Dolmen de la Cigalière Cesseras wikimedia commons Author O.allegre
Roger : "Seulement des tombes" tu dis... Je veux bien qu'ils n'aient rien de magique mais même cassés, ils continuent de parler pour des ancêtres sur deux ou trois fois plus de temps que depuis l'an zéro. Et puis, c'est terrible, tout a été pillé, dispersé et même les locaux qui auraient voulu garder une trace n'en avaient pas la capacité... j'ai entendu dire qu'au musée de Minerve, il y avait quelques perles, quelques pointes de flèches, qu'à Olonzac le musée des écoles exposait des dents humaines...
Un commentaire que Jean de Siran m'autorise à publier :
RépondreSupprimer"Nous voilà donc en route pour le Poumaïrol et ce jour au dessus de Siran.
Oui le moulin d'Azam je connais bien et il y a toujours des Azam à Cesseras. Au XIXe s., pour aller à la grotte de la Coquille, on prenait le chemin du moulin d'Azam et on le quittait très vite sur la gauche pour longer le pied de la falaise en direction de la Balme Rouge, à la rencontre du guide Pierre Solomiac (le légendaire Camba de Fer). On trouve sur le site Occitanica une lettre inédite d'Achille Mir qui conte sa visite de la grotte de Fauzan . Il était accompagné de son illustrateur qui pris là des croquis pour illustrer la descente aux enfers du curé de Cucugnan.

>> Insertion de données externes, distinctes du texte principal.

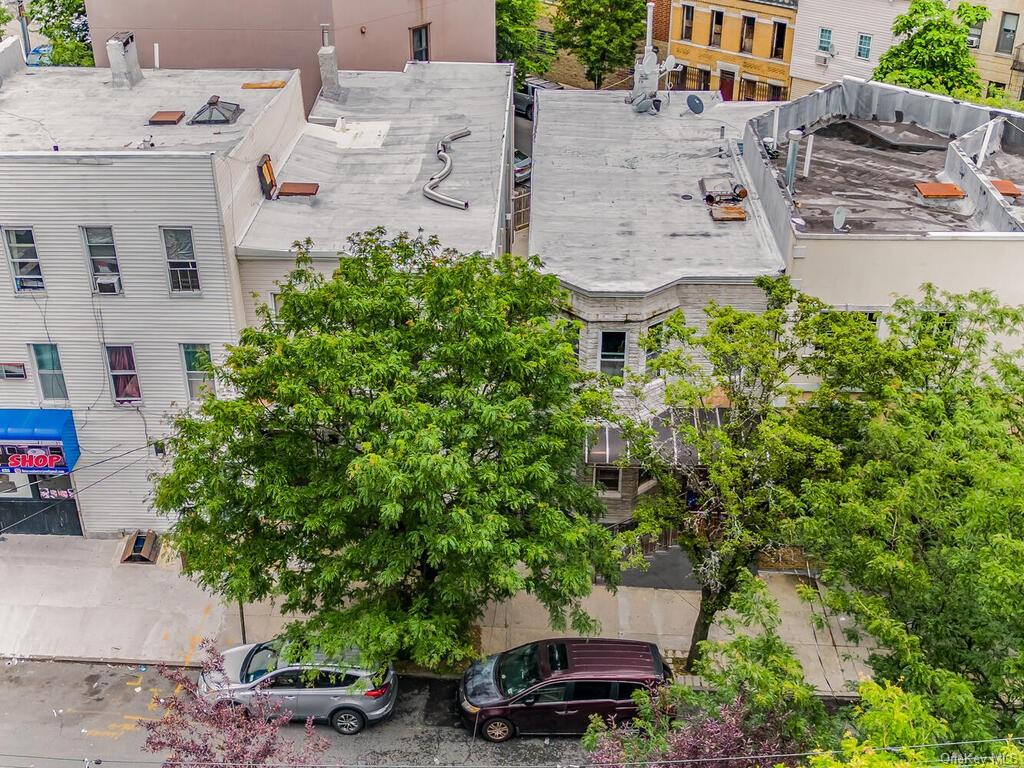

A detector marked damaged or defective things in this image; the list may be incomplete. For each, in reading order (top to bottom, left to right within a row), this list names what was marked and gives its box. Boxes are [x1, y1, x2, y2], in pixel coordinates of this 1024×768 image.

rusty metal roof hatch [189, 96, 244, 126]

La descente actuelle, par un sentier escarpé , suit une diaclase sous l'usine de phosphates.
Oui Azan, Azam c'est bien la même chose, Adam à l'origine. Dans notre langue, les "d"> "z" et les "m " finaux > "n". Ainsi Adémar devient Azéma et "rasim" ( graphie classique) est "rasin" (graphie de mistral).
J'ajoute que le moulin d'Azam porte aussi le nom de moulin de Gentil (Jantil est tout simplement un diminutif occitan du prénom Jean).
Monsieur, (du moulin de Monsieur) c'était jusqu'à la révolution le seigneur de Cesseras. Le dernier fut Jean François de Seigneuret de Loubens (1723-1792), mort en exil à Chambéry (Royaume de Savoie), dont les biens furent confisqués (émigré).
Plus a en amont on a le moulin de Fabas et plus en amont encore le moulin d'Alger ( famille Brail de La Livinière) dont un ancêtre avait participé à la conquête d'Alger.Le Moilin d'Alger est sous le hameau de St Julirndes meulières, commiune de LaLivinière.